The entries that follow should be repeated exactly, with no pictures kept.
++++++++++++++++++++
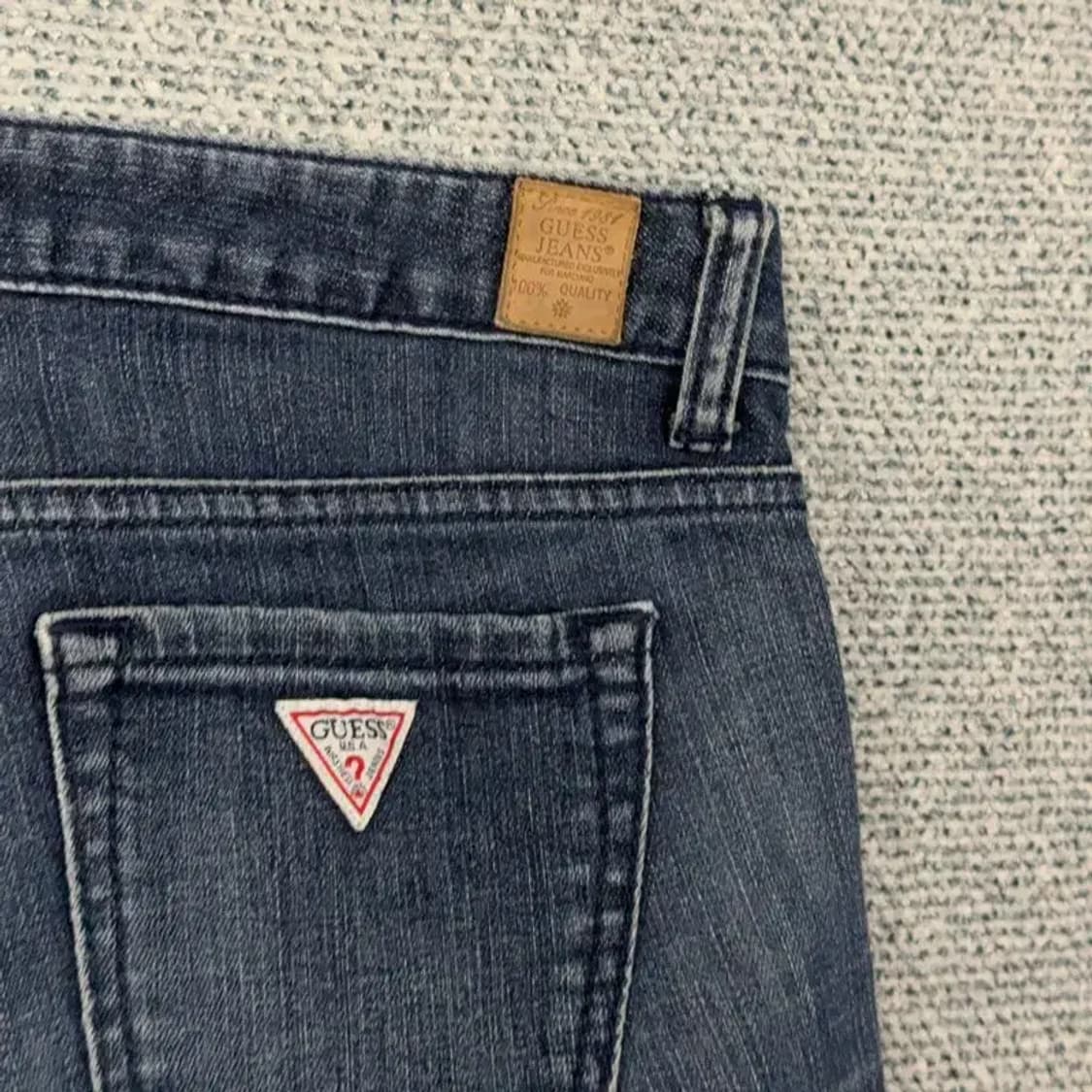 게스 삼각로고 여성 청바지 데님팬츠 26 상품이미지5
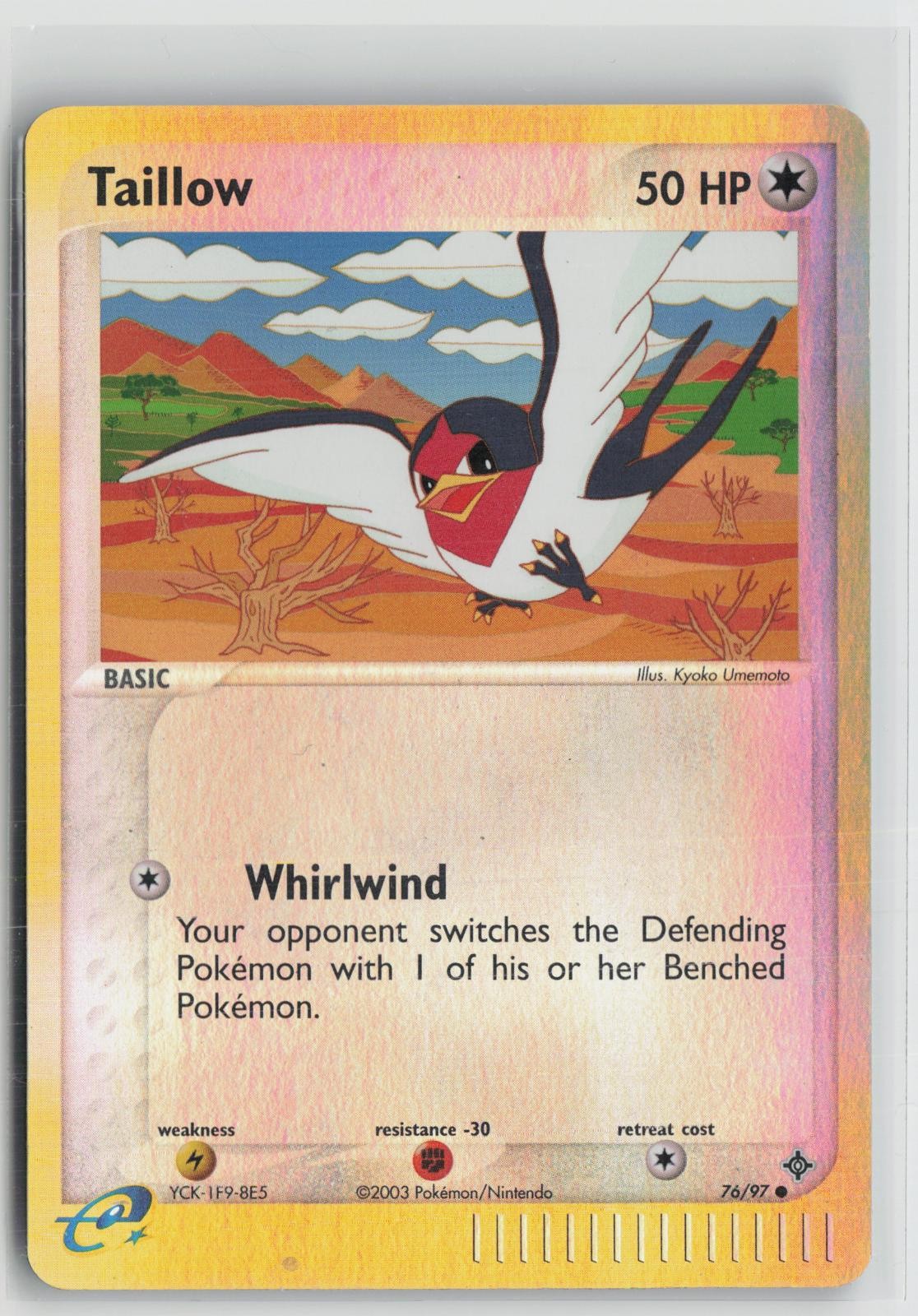 Taillow 76/97 Reverse Holo Dragon Pokemon NM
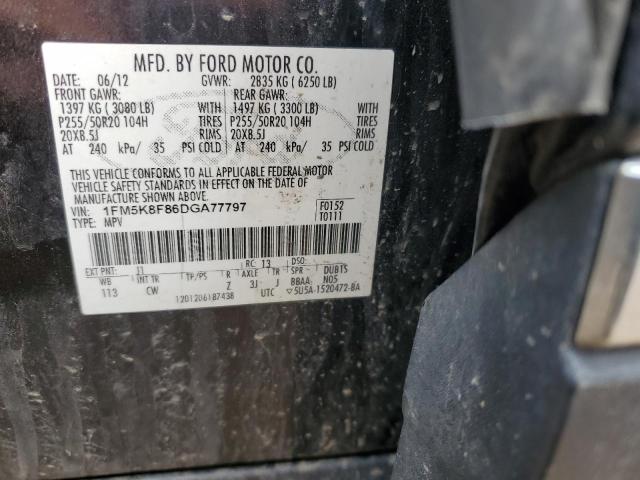Photo 14 from auction – 2013 FORD EXPLORER L with VIN 1FM5K8F86DGA77797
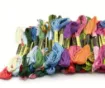 hilo bordar poliester punto cruz 6 hebras x8mts set 200 colores surtidos 3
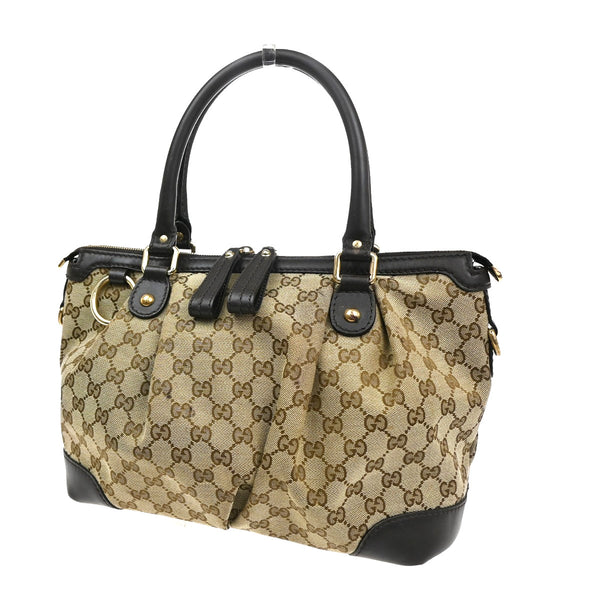 Gucci Sukey Top Handle Tote GG Canvas Medium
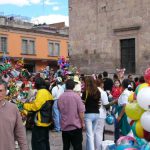 Morelia - central plaza festival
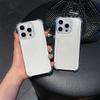 Прозрачный противоударный чехол для телефона для iPhone 17 Air 16 15 14 11 12 13 Pro Max 16 15 Plus Мягкий силиконовый чехол Прозрачный Coque
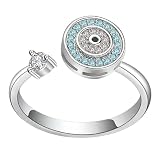 Vangakancint Bagues tournantes pour femmes, Anneaux sensoriels Fidget Toy pour hommes et femmes, anneau roulant po-ur adultes, bijoux Fidget élégants, Idéale po-ur Relaxation et Style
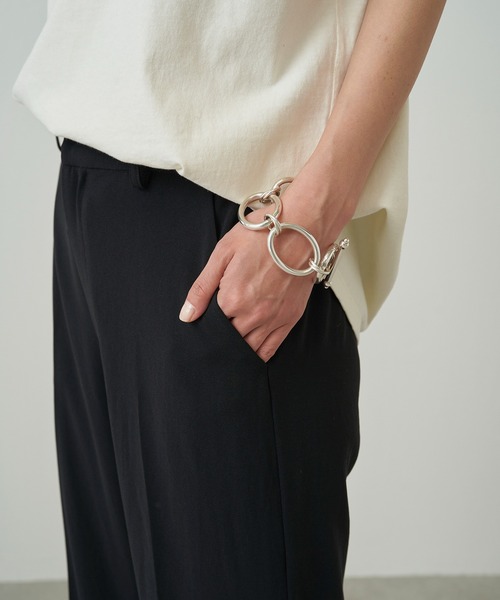 LOUNGEDRESS（ラウンジドレス）の「ジョーゼットストレートパンツ（スウェットパンツ・レディース・ブラック/ブルー/レッド・SMALL/MEDIUM）」の14枚目の写真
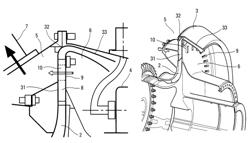 Bleeding of air via the diffuser of a centrifugal compressor of a turbine engine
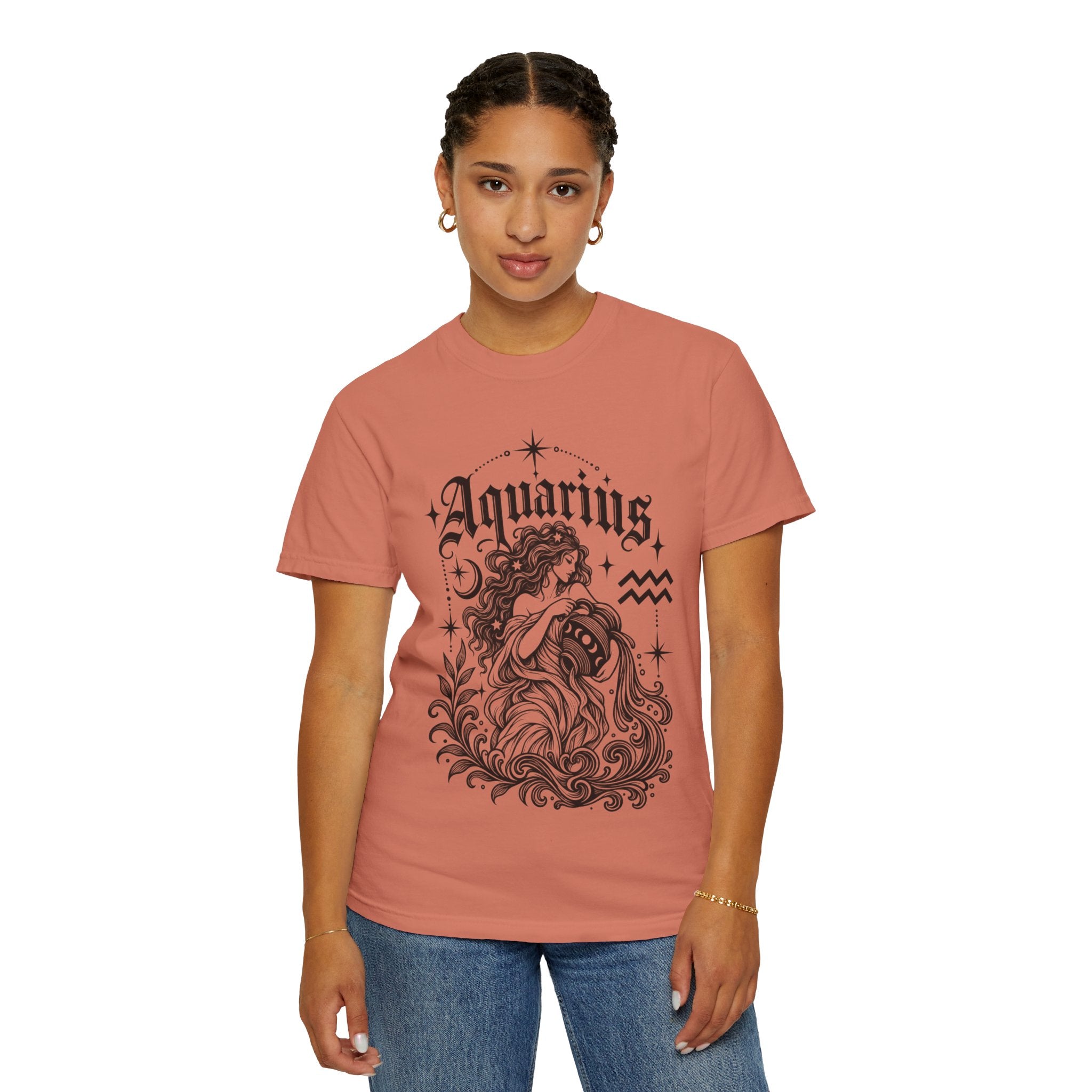Aquarius Zodiac T-Shirt — Water Bearer Astrology Tee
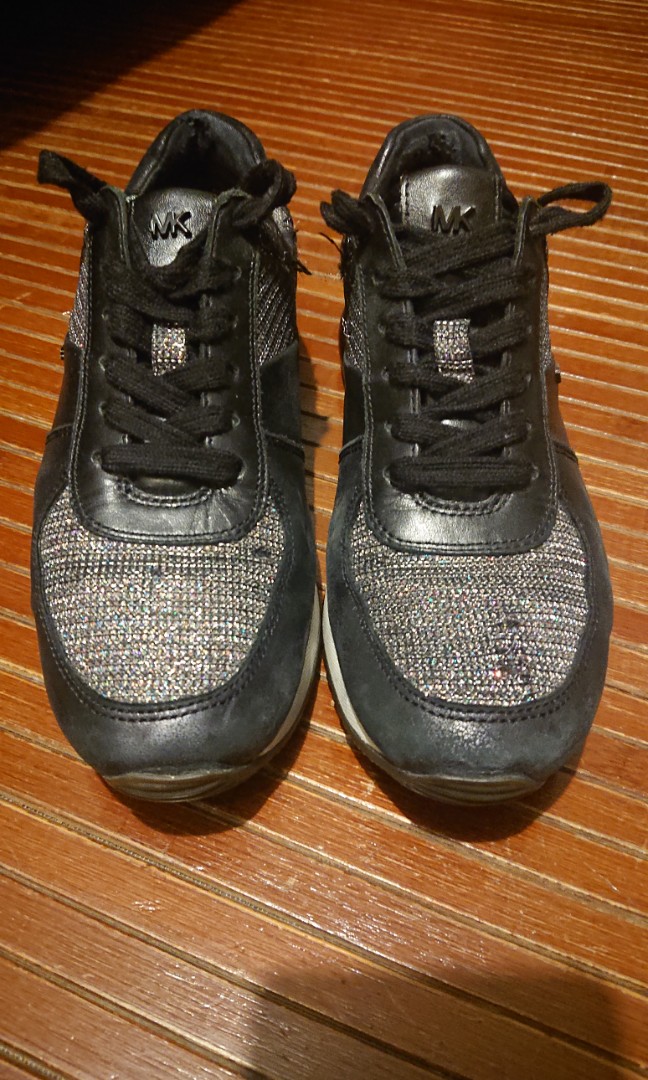 Michael Kors Allie Trainer Extreme Black Multi Women s Fashion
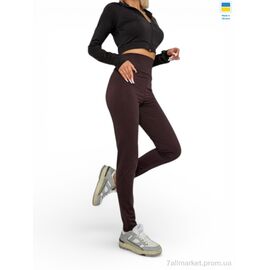 Фотография Лосинсы женские Весна/осень N5000 шоколад (4 шт. р.сетка XL-4XL) "Sport style" недорого оптом от прямого поставщика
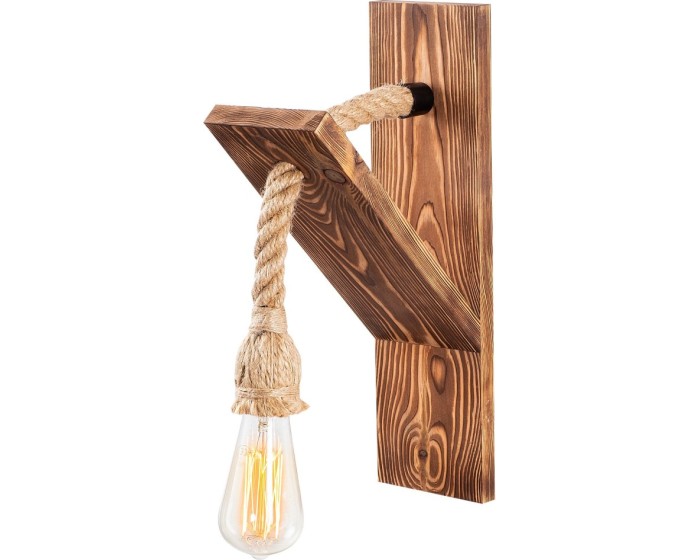 Nástěnná lampa Erebos II jedle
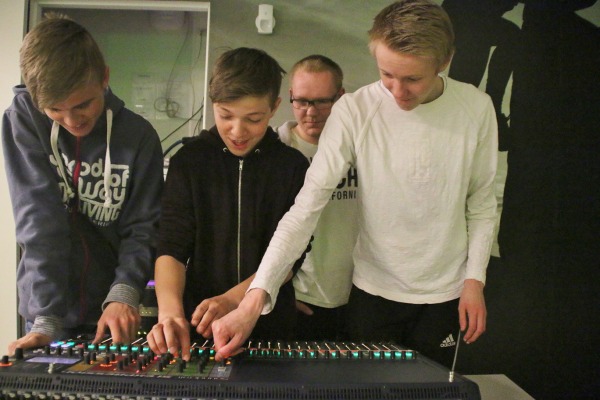 lyd lys mixer lite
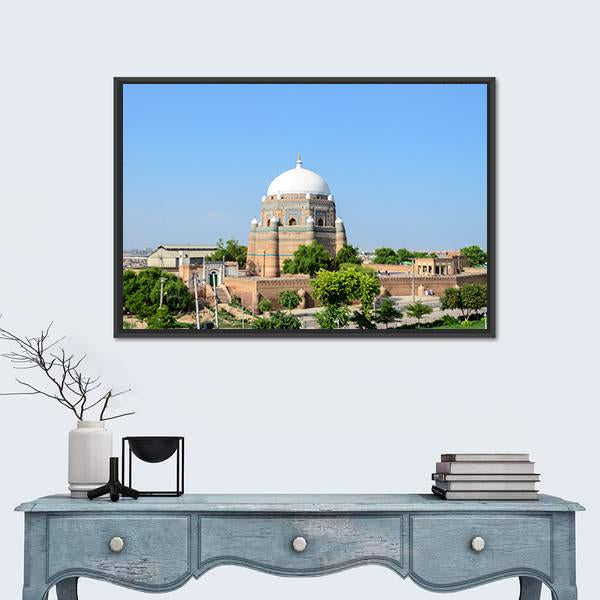 Shah Rukn-E-Alam Pakistan Canvas Wall Art-3 Horizontal-Gallery Wrap-25" x 16"-Tiaracle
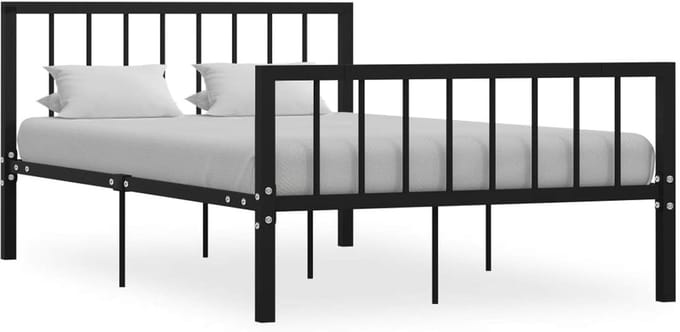 Metalen Bedframe - Dagbed Frame - Slaapkamer Inrichting - Solide Constructie - 120x200 cm - Zwart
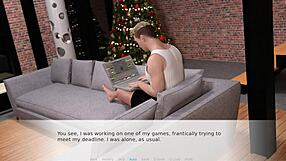 Let's Have Fun with a Shaved Beauty on the Night Before Christmas.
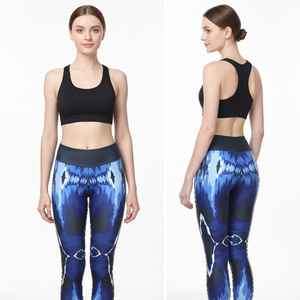 Leggings de yoga et d'entraînement pour femme, taille personnalisée, ultra doux, motif uni, avec poches latérales et coutures brossées - Product Image 2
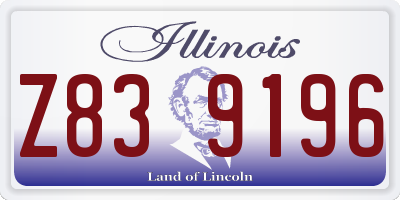 IL license plate Z839196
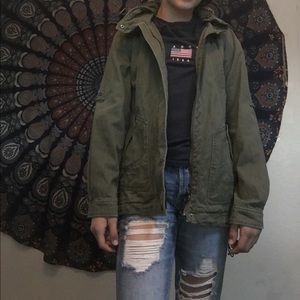 Army green jacket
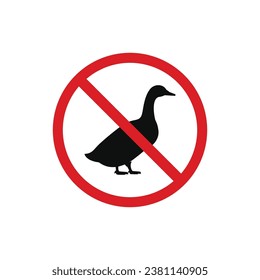 No duck icon sign symbol isolated on white background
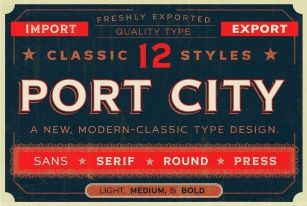 PORT CITY Font Download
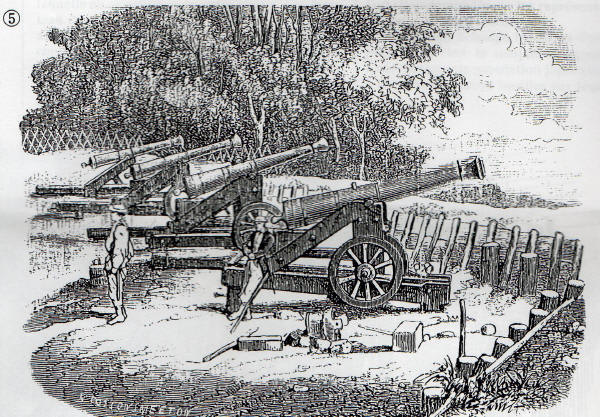 1864年 下関戦争 砲台に対する上陸攻撃 ロンドン絵入り新聞 オリジナル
++++++++++++++++++++
## Response box
 게스 삼각로고 여성 청바지 데님팬츠 26 상품이미지5
 Taillow 76/97 Reverse Holo Dragon Pokemon NM
Photo 14 from auction – 2013 FORD EXPLORER L with VIN 1FM5K8F86DGA77797
 hilo bordar poliester punto cruz 6 hebras x8mts set 200 colores surtidos 3
 Gucci Sukey Top Handle Tote GG Canvas Medium
 Morelia - central plaza festival
 Прозрачный противоударный чехол для телефона для iPhone 17 Air 16 15 14 11 12 13 Pro Max 16 15 Plus Мягкий силиконовый чехол Прозрачный Coque
 Vangakancint Bagues tournantes pour femmes, Anneaux sensoriels Fidget Toy pour hommes et femmes, anneau roulant po-ur adultes, bijoux Fidget élégants, Idéale po-ur Relaxation et Style
 LOUNGEDRESS（ラウンジドレス）の「ジョーゼットストレートパンツ（スウェットパンツ・レディース・ブラック/ブルー/レッド・SMALL/MEDIUM）」の14枚目の写真
 Bleeding of air via the diffuser of a centrifugal compressor of a turbine engine
Aquarius Zodiac T-Shirt — Water Bearer Astrology Tee
 Michael Kors Allie Trainer Extreme Black Multi Women s Fashion
 Фотография Лосинсы женские Весна/осень N5000 шоколад (4 шт. р.сетка XL-4XL) "Sport style" недорого оптом от прямого поставщика
 Nástěnná lampa Erebos II jedle
 lyd lys mixer lite
 Shah Rukn-E-Alam Pakistan Canvas Wall Art-3 Horizontal-Gallery Wrap-25" x 16"-Tiaracle
 Metalen Bedframe - Dagbed Frame - Slaapkamer Inrichting - Solide Constructie - 120x200 cm - Zwart
 Let's Have Fun with a Shaved Beauty on the Night Before Christmas.
 Leggings de yoga et d'entraînement pour femme, taille personnalisée, ultra doux, motif uni, avec poches latérales et coutures brossées - Product Image 2
 IL license plate Z839196
 Army green jacket
 No duck icon sign symbol isolated on white background
 PORT CITY Font Download
 1864年 下関戦争 砲台に対する上陸攻撃 ロンドン絵入り新聞 オリジナル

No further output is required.